“Ogni volta che cambia il governo c’è la tendenza in Italia alla distruzione di quello che ha fatto il governo precedente. E il trend di lungo termine è negativo. La regola è: facciamo riforme e sacrifici, rimettiamo a posto le finanze creando le condizioni per la fiducia interna e internazionale, e poi godiamoci i frutti di queste scelte, anche quelle dolorose. L'opinione (rilasciata in un'intervista a L'espresso) è dell'economista Daniel Gros, direttore del Centre for European Policy Studies di Bruxelles.
ECCEZIONE ITALIA
"Ma l’Italia rappresenta l’eccezione alla regola - dice Gros -. La Germania ha fatto i suoi sacrifici nei primi anni Duemila e da malato d’Europa ne è diventata l’economia-guida, ma anche nel piccolo Portogallo è stato lo stesso. Si creano insomma le condizioni per gli investimenti e lo sviluppo. Poi lo sviluppo arriva e si autoalimenta. Non c’è più bisogno di fare una manovra finanziaria più o meno lacrime e sangue ogni anno come in Italia, dove non si è mai arrivati a un completo risanamento economico”.
I NODI DELL'ITALIA
“I mali storici li conoscete, a partire dal fattore demografico, dalle incertezze soprattutto passate del sistema bancario, dalla caduta della produttività dovuta anche al fatto che buona parte del tessuto industriale è ancora costituito da piccole imprese - spiega Gros -. Ma il nodo centrale resta la finanza pubblica, soggetta a vincoli comunitari: a Bruxelles è diffuso un senso di scoramento sulla politica italiana. L’ultimo governo non ha fatto un passo in direzione di un controllo delle spese ma anzi ha aumentato il debito. Misure come lo sblocco della burocrazia o la sospirata spending review non sono state neanche proposte per far luogo a provvedimenti irrazionali, costosi e scoordinati.

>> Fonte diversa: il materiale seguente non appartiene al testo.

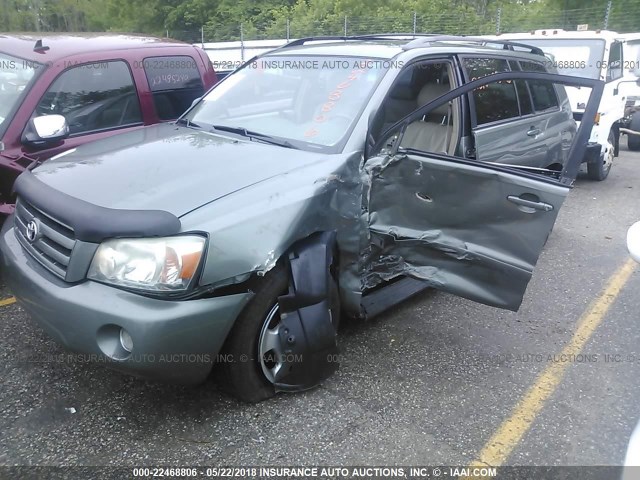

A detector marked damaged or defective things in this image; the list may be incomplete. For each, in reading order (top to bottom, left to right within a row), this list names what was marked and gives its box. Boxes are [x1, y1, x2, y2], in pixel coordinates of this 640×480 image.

damaged green suv [0, 35, 604, 402]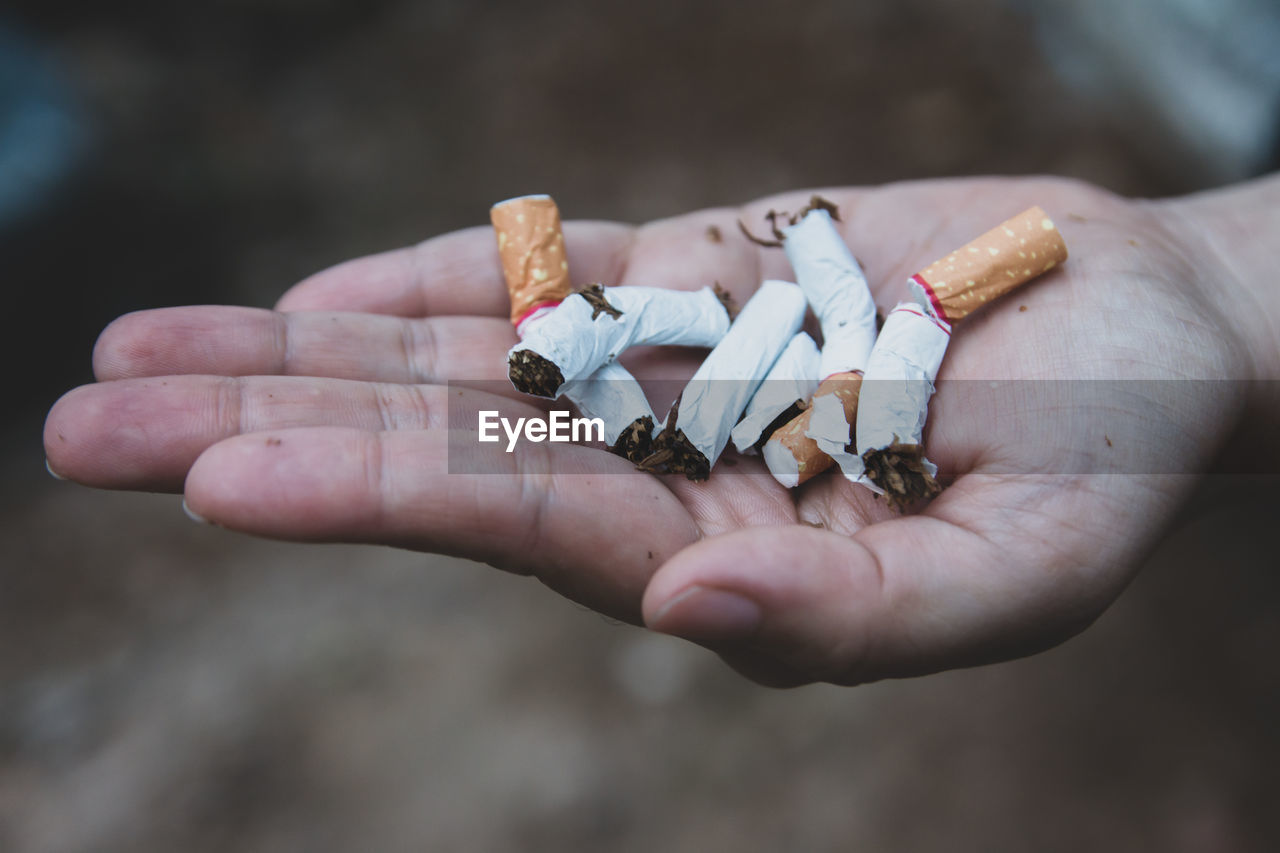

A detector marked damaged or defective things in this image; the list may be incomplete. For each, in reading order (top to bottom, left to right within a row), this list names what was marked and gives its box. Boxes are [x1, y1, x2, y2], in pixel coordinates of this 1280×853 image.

Il risultato è che si arriva alle verifiche autunnali in condizioni che più emergenziali non si può”.
IVA
Sulla questione forse più scottante, poi, Gros dice qualcosa di inaspettato. “Secondo me invece è meglio che aumenti. Sarebbe uno di quei sacrifici che, proiettati sul lungo periodo, darebbero buoni frutti - argomenta l'economista -. L’Italia, oltre a risanare i conti, deve concentrarsi sui suoi punti di forza. E il principale è sicuramente la capacità di esportare delle aziende manifatturiere che anzi può dispiegare un potenziale ancora grandissimo in settori prestigiosi e cruciali. E sulle esportazioni l’Iva non c’è, e quindi le aziende sarebbero motivate a spingere sull’export. Se si riuscisse a combinare questa valorizzazione con un taglio del cuneo fiscale, una dinamica salariale ragionevole e un recupero di produttività, si realizzerebbe la perfetta svalutazione fiscale. È un meccanismo che rende ulteriormente competitivo l’export italiano. E poi è l’unica svalutazione che ci è consentita: la Germania l’ha fatto, e ha avuto risultati eclatanti”.